Antes de la medianoche

Crítica de David Obarrio - Cinemarama

Detalles sórdidos a continuación

Es bastante probable que el director Richard Linklater no sea ningún genio, y que su caso se trate en realidad de un cineasta más que interesante, capaz de hacer películas pequeñas y libres, casi invariablemente dotadas de un aire evidente de ligereza y gracia, que más que presentarse así mismas como piezas de arte mayor se dedican a deslizarse con discreción y delicadeza por esa franja dudosa del cine americano denominado independiente sin perder por ello un gramo de legibilidad ni de vocación mayoritaria. Las películas de Linklater están siempre ubicadas a una distancia prudente de lo que se suele llamar “gran cine”, básicamente porque el extraño regocijo mediante el que el director dispone la puesta en escena y con el que los actores se desempeñan dentro del plano no parece relacionarse con la agenda de profundidad autoasumida, la gravedad del tema o la obsesión por el fragmento macabro que tiende a asociarse con la idea de obra maestra. Incluso Waking Life, su primera película animada, que incluía en el palabrerío habitual del cine del director una buena porción de disquisiciones de orden más o menos filosófico, ejercía sobre el espectador una rara fascinación que seguro tenía más que ver con las oscilaciones hipnóticas del trazo de los dibujos, con el extraordinario uso de la música y la sucesión de naturaleza onírica de las escenas que con el contenido de los diálogos, como si Linklater se hubiera embarcado en una suerte de primitivismo absurdo y radical, en el que el intelecto es solo uno de los sentidos –y no necesariamente el principal– con el que el cine pide ser apreciado para su cabal comprensión y disfrute. Para decirlo en otras palabras, Linklater siempre aspiró a hacer películas abiertas, que respiran y vacilan siguiendo con perseverancia el objetivo de por lo menos rozar motivos y tópicos de la cultura popular americana de toda la vida: la afirmación personal, el conocimiento del otro, el deseo del libertad, el nomadismo, el dilema entre la integración o el aislamiento sociales, el descubrimiento del mundo a través de la educación sentimental. En ese trance el director se las arregló para filmar la que posiblemente sea la mejor película de adolescentes de la historia (Dazed & Confused, como la canción de Led Zeppelin) y también una de las mejores películas con niños jamás filmadas (Escuela de rock).

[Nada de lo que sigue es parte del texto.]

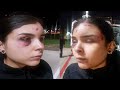 Woman Beaten By Group Of Men After Hitting Girl With Vehicle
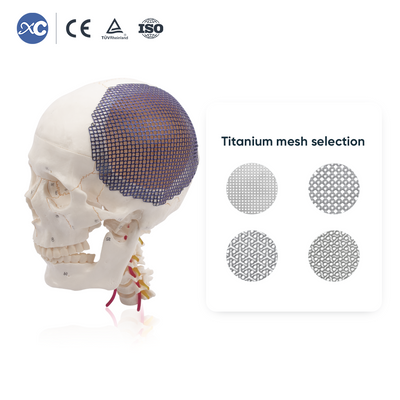 Titanium Mesh (Square Hole & Round Hole & Cloud Shape & Flower Shape)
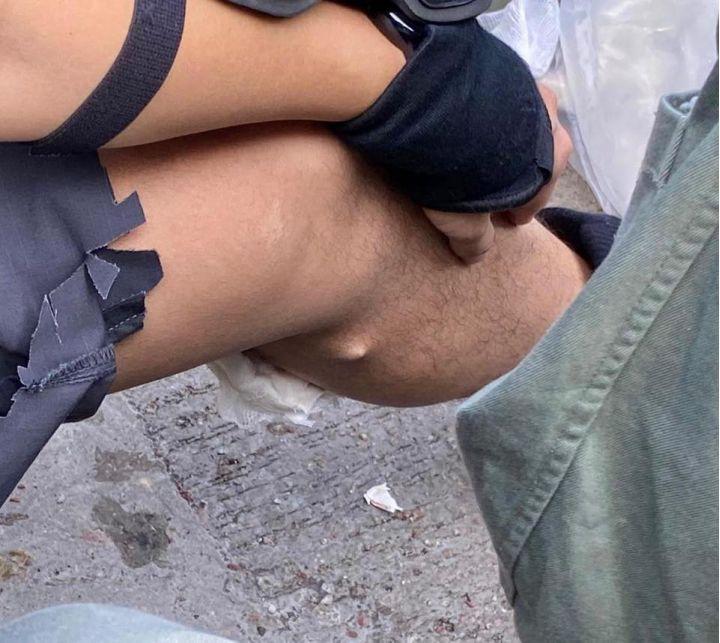 警察传媒联络队一队员被箭射中小腿，图自香港警察脸书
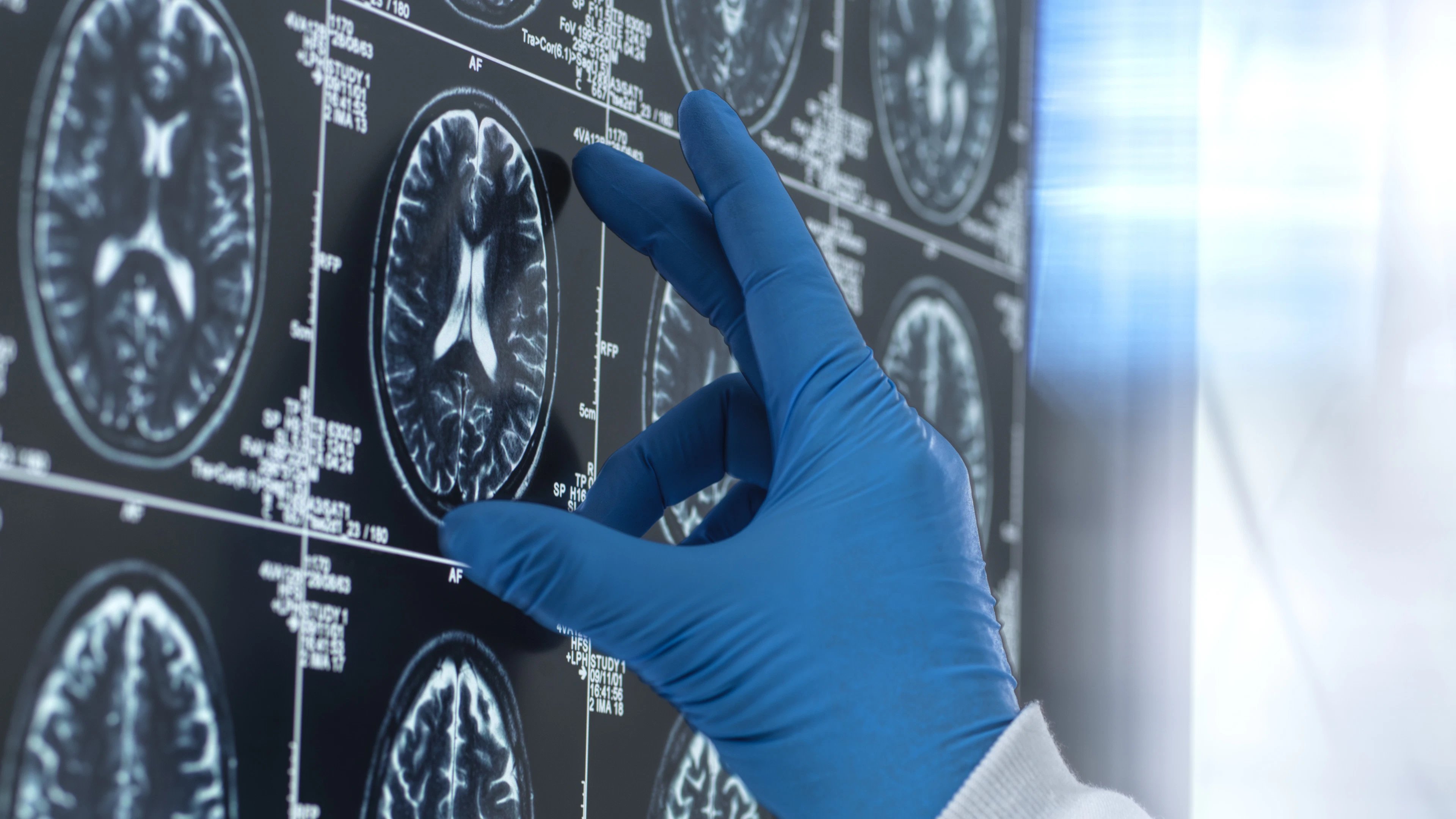 Kunnen sommige kankermedicijnen ook alzheimer verslaan?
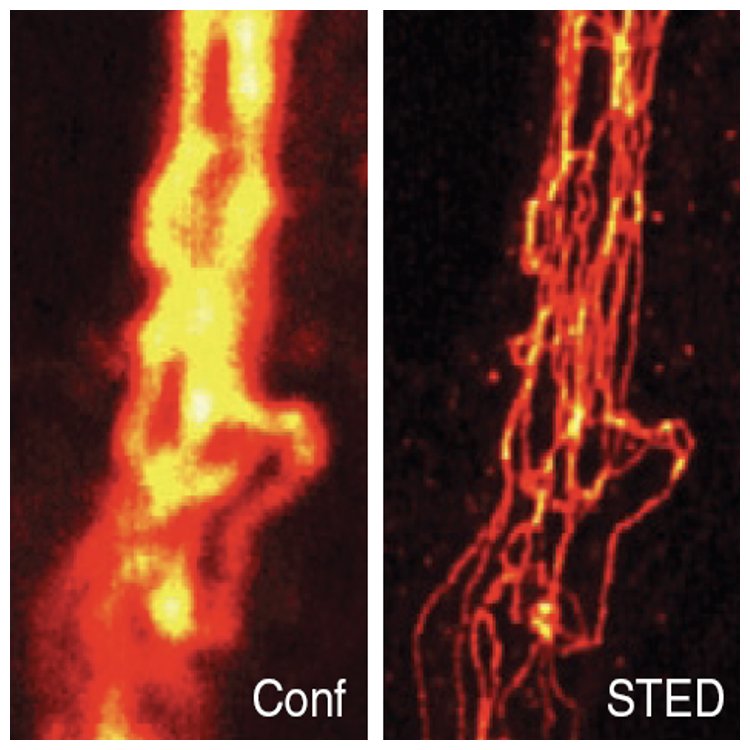 STED vs. Confocal Microscopy. Comparison of confocal (Conf) and STED image of immunolabeled vimentin in a mammalian cell, after linear deconvolution.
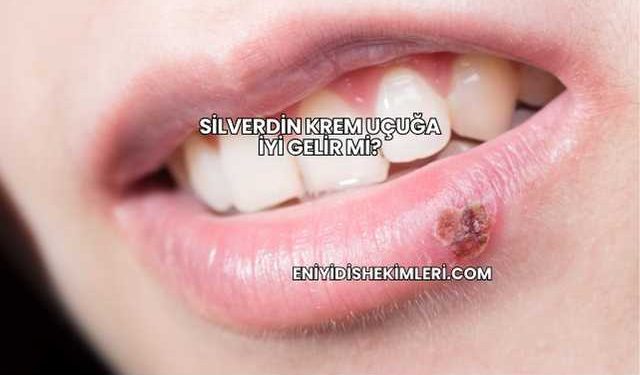 Silverdin Krem Uçuğa İyi Gelir mi?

Con la tercera parte de la trilogía protagonizada por Ethan Hawke y July Delpy el director alcanza ahora un pico en su calidad de maestro del detalle, del uso del tiempo y del compromiso emocional con los personajes, seres que parecen haber nacido para la charla, para el vagabundeo y para la exploración sistemática de su propio yo en relación a los seres, las cosas y los paisajes que los rodean: como sucede a menudo en el cine del director, una de los elementos más impactantes de Antes de la medianoche es el modo en que Linklater explota la inclinación compulsiva de los personajes a expresar sus puntos de vista sobre los temas más variados en los que, sin embargo, la puesta en valor de la verdad propia frente a la de los demás ocupa un lugar de privilegio. El director filma a la pareja, que ahora se ha convertido en un matrimonio con dos hijas pequeñas que pasa unas breves vacaciones en Grecia, con la elegancia y la pertinencia habituales, dejándolos hablar, mirarse y molestarse mutuamente como un matrimonio cualquiera. Linklater abre sin embargo esta vez el juego para que otros personajes se integren al desvarío simpático y a las charlas, donde se destaca una escena fabulosa durante un almuerzo en el que tiene oportunidad de lucirse como actriz la griega Atina Rachel Tsangari, extraordinaria directora de Attenberg.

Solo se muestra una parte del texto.